One of Germany’s most popular satirists is facing five years in prison for reciting a poem mocking Turkey’s President Erdogan on television.
The poem joked about the president having sex with goats, and accused him of “kicking Kurds and slapping Christians while watching child porn.”
German Chancellor Angela Merkel, who is desperately trying to win favour with the Islamist premier so he upholds the EU migrant deal, personally phoned the Turkish President to apologise, describing the poem as “deliberately hurtful”.
Over the weekend, the Turkish government demanded Germany prosecute the comedian and the German foreign ministry has since said, “It is highly likely that [Böhmermann] has committed a crime”, Tagesspiegel reports.
The development follows the German Ambassador to Turkey, Martin Erdmann, being summoned to “explain” and “justify” a separate comical video mocking the president Erdogan at the end of last month.
The increasingly authoritarian Mr. Erdogan clearly had his ego bruised by the video, but the “ambassador made clear that freedom of press and speech must be secured” in Germany, asserted the foreign ministry at the time.
Following this reaffirming of free speech, comedian Jan Böhmermann decided to show the president what real defamation looked like. Sat before a Turkish flag and portrait of Mr. Erdogan, he proceeded to be fabulously offensive – all with Turkish subtitles included.
He said the president’s “body matter smelled so bad that it was worse than a pig’s fart”, and claimed his, “love is fucking goats / while stomping on minority votes”.
“At night, instead of sleep, he has oral sex with sheep” added another line, and one said, “Erdogan is not just thick, he’s a man with a very small dick’’.
His choice of the word “slander” indicates Mr. Böhmermann was well aware what he was doing was illegal, and after the video was removed, he said on Facebook that he and ZDF had, “impressively shown where the boundaries of satire lie in Germany. Finally!”

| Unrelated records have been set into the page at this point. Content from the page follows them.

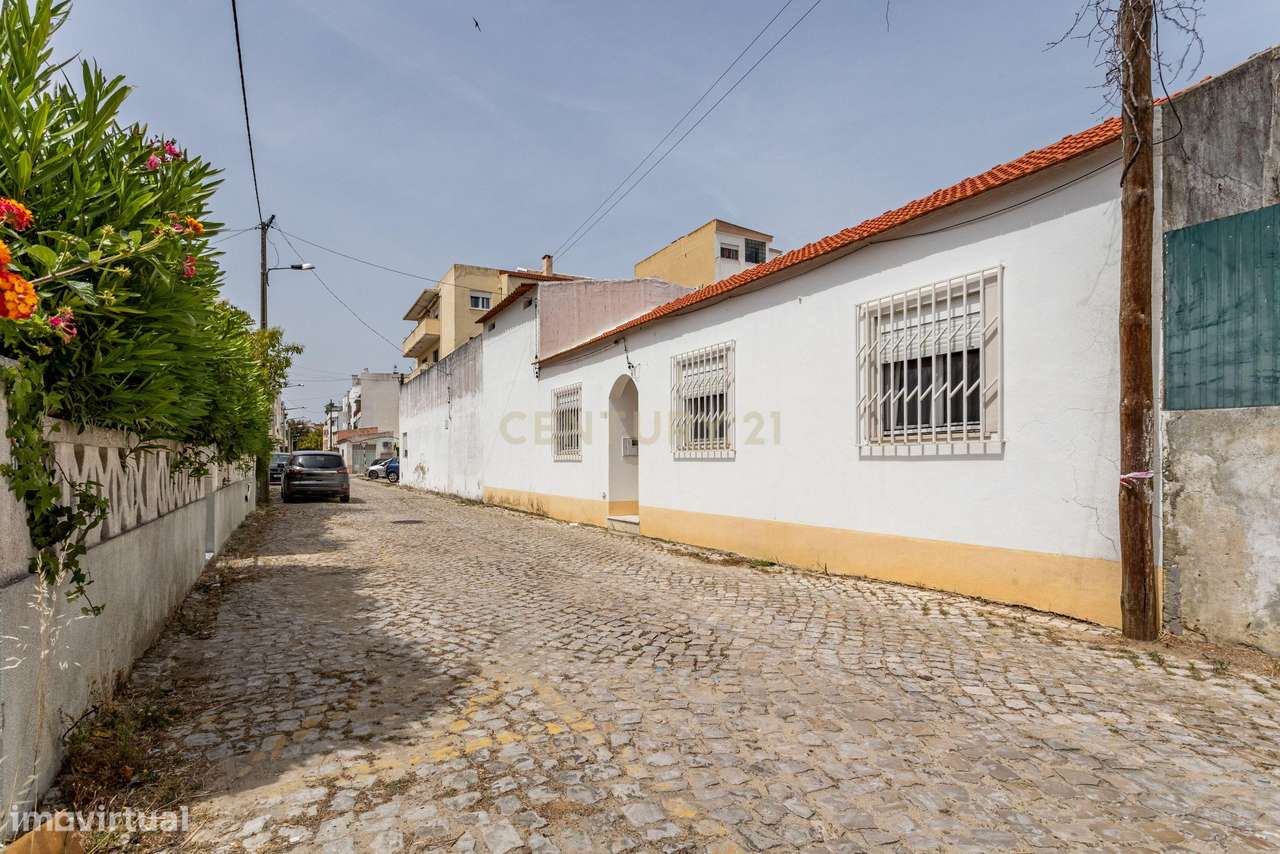 Propriedade na Costa da Caparica com duas moradias T3 independentes.-27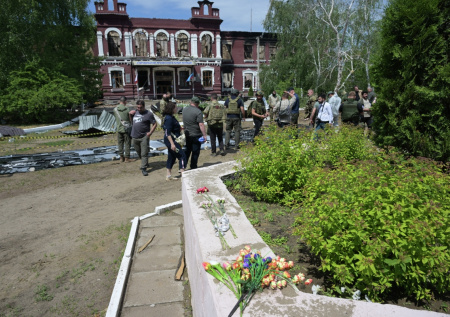 В ЛНР сообщили, сколько человек остаются в больнице после атаки на колледж
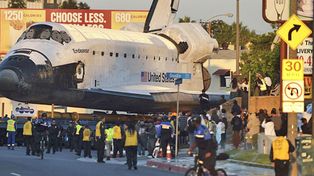 El trasbordador Endeavour llegó a su destino final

According to paragraph 103 of the German criminal code: “Whosoever insults a foreign head of state or an accredited diplomat in Germany… shall be liable to imprisonment of up to three years or a fine. A slanderous [calumnious] insult could be punished with up to five years”.
The last time the rarely evoked law caused any controversy was when it was used in defence of another easily offended Muslim tyrants – the Iranian Shah, who felt “insulted” by a student protest in 1967.